Ask HN: What's your process for generating startup ideas? - monological

I always try to keep an open mind to both software and hardware related ideas and of course, if you work on a project that's, for example, very software intensive, you tend to get tunnel vision and are less likely to think about other potentially great ideas.<p>What steps do you take to think outside the box and generate ideas that don't necessarily pertain to what you work on or do day in and day out
======
floozyspeak
Map them out. Grab a black sharpie, a stack of yellow postits, and find a big
ass blank wall. Next jot down everything about the idea in bit statements on
postits. Dont try to organize them in advance, just get out of your head.

Use the voices in your head to dissect the idea, why this idea, why not
others, how does it work, whats the value, benefit, experience, competition,
barriers to make, barriers to sell, who is the customer, what makes it rock,
who would buy it right now, why did they buy it, how do they use it,
aspirationally connect it to other like ideas- its like x brand but with y, or
what not. Just generate a crap load of notes about the idea.

Start grouping them on the wall and eventually into buckets and themes.

Lastly project yourself to the end game.

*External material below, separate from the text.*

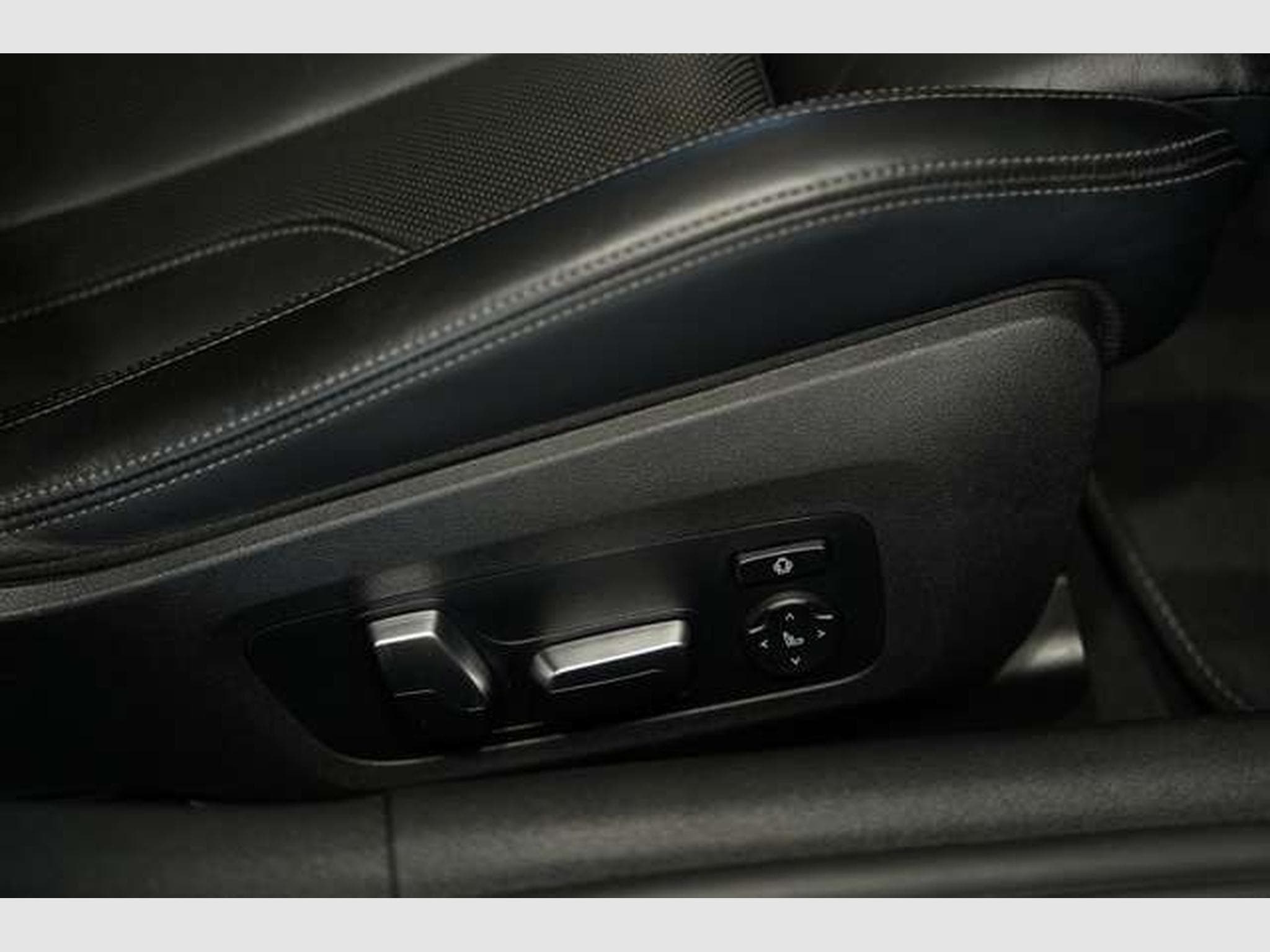 BMW M850 i xD Gran Coupé *YIDO*Pano*B&W*HUD*Deutsch (2020) - Photo 17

Use a different color post its if you
can. Think as if you've done the idea, its out, done, map that experience.
Everything from how someone finds out about it, getting it, experiencing it,
note the rewards of it, and does it end, how does it self sustain? Think
ideal, but with a tint of reality based on what ya know.

Now step back, odds are you have a heck of alot more ideas up there than one
you just started.

If you're hungry for more, get yet another color of post its and pick out the
themes you see around the notes. There's probably 3-4 themes at work around
your idea, bounce these themes off other people you know, if they resonate
that alone could tell you you're in the running for making something that
could work. Ideas always need constant validation, don't go at it alone,
simply them and bounce them off people, friends, family, anyone. And dont get
stuck on what they say, just record it, and save them for another wall
session.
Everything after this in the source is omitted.